AT&T this week sent a letter to Tom Wheeler, chairman of the Federal Communications Commission (FCC), saying that T-Mobile and Sprint started offering Wi-Fi calling on smartphones without first seeking waivers from the FCC’s TTY (teletypewriter) rules. TTY devices for the deaf and speech-impaired can be used with cell phones, and the FCC requires that wireless networks are able to transmit 911 calls made using TTY devices.
In the letter, AT&T claimed that T-Mobile and Sprint have been offering Wi-Fi calling services for more than a year on Android devices and for several months on iOS devices — even though TTY devices do not operate reliably over Wi-Fi.

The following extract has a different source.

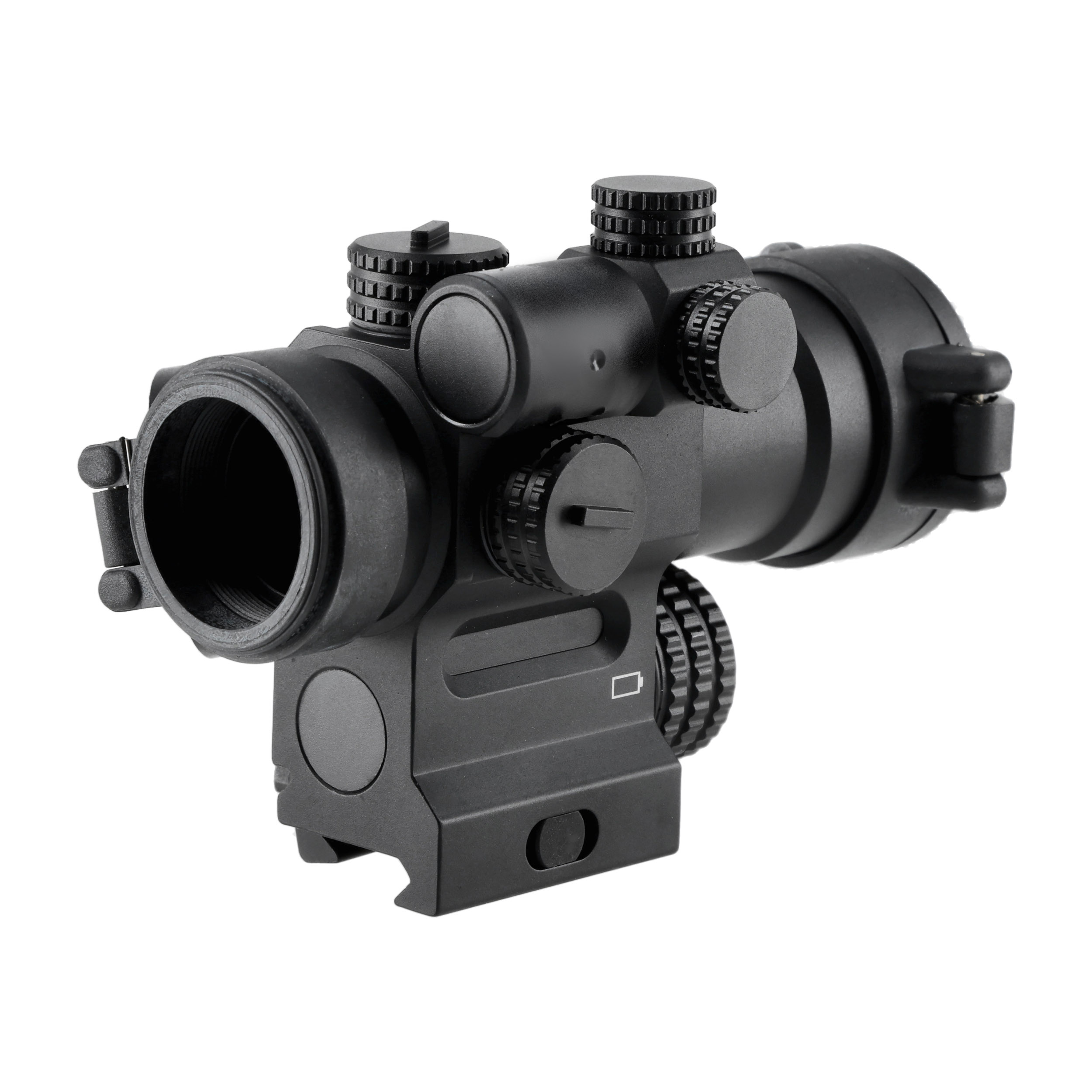 Kolimator AT3 Tactical LEOS 2 MOA z czerwonym laserem - obrazek 3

AT&T wants a temporary waiver of the rules so that it can prepare an RTT (real-time text) service to replace TTY. It has petitioned the FCC to change its rules so that providers can replace TTY with RTT service. Until the FCC makes its decision, which could take months, AT&T wants to be able to offer Wi-Fi to compete with Sprint and T-Mobile.

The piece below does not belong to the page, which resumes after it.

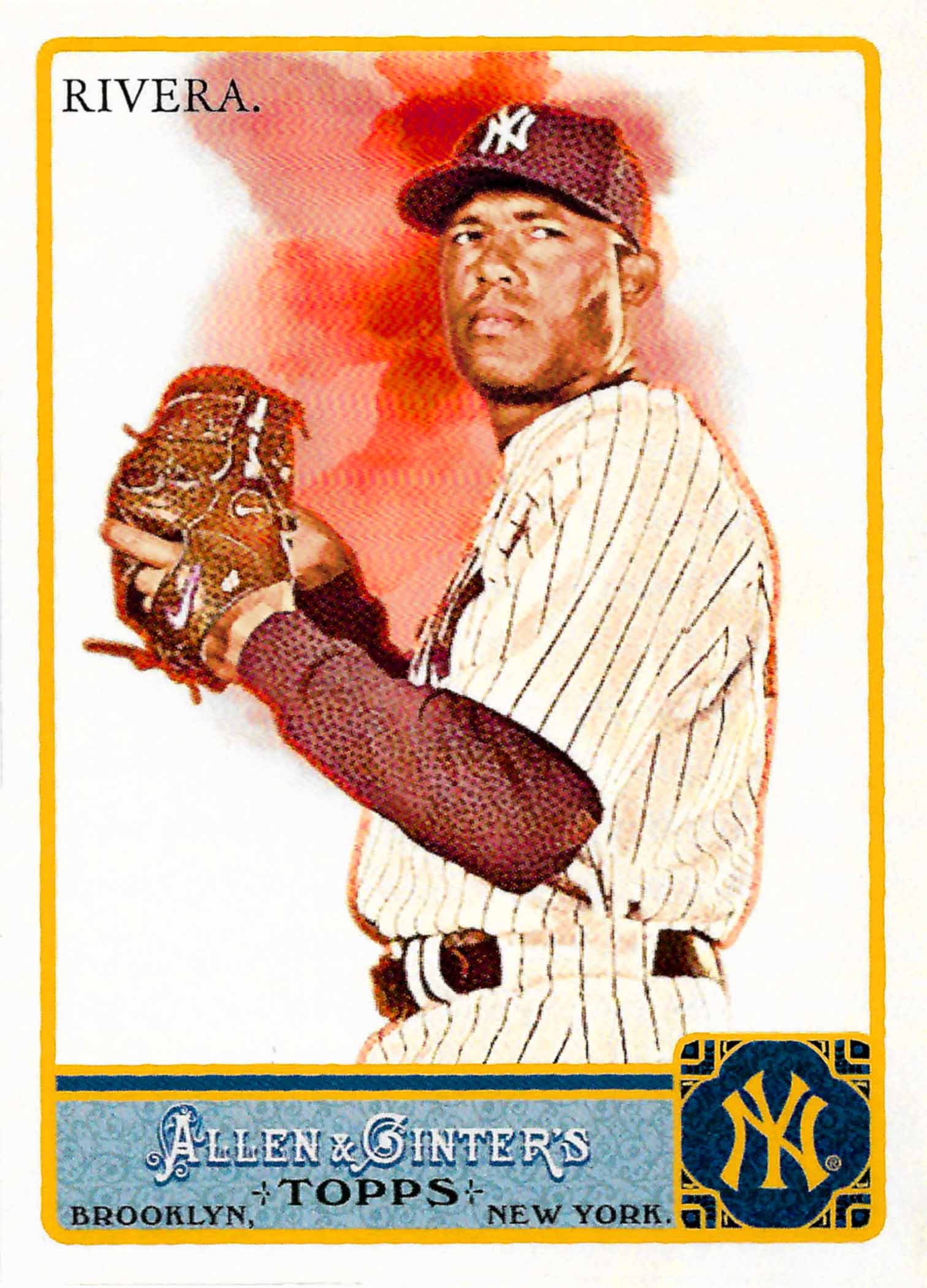2011 Topps Allen and Ginter Glossy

The wireless carrier said it intended to offer Wi-Fi calling beginning last month, but wasn’t able to because it hadn’t received the waiver it had requested. The sore spot for AT&T is that “our competitors provide those services in defiance of the commission’s rules.” The FCC said it is reviewing AT&T’s request of a waiver of the TTY requirement.
In its letter to Wheeler, AT&T said that it has been testing a RTT system that it claimed is superior to TTY. It said it had demonstrated the technology to both FCC staff and advocacy groups representing the disabled. The advocacy groups would like RTT to be implemented as soon as possible, and have informed the FCC that they support AT&T’s waiver request as long as it’s for a limited time.
Groups Back AT&T
In a separate letter to the FCC, a coalition of groups representing the disabled said AT&T’s efforts to advance RTT technology will still allow users to transmit text character by character, but without the reliability and transmission issues that have plagued TTY services when they run on IP networks.
Many TTY users have switched to newer technologies, but the system continues to be used by people who don’t have Internet or broadband access. TTY also allows direct access to 911 emergency services.
TTY lets the deaf and speech-impaired use keyboard-enabled devices to type messages to each other over their phones’ networks. For calls between a disabled person and a non-disabled person, a telecommunications relay service operator relays the text of the calling party in voice to the called party, and converts to text what the called party voices back to the calling party, according to the FCC.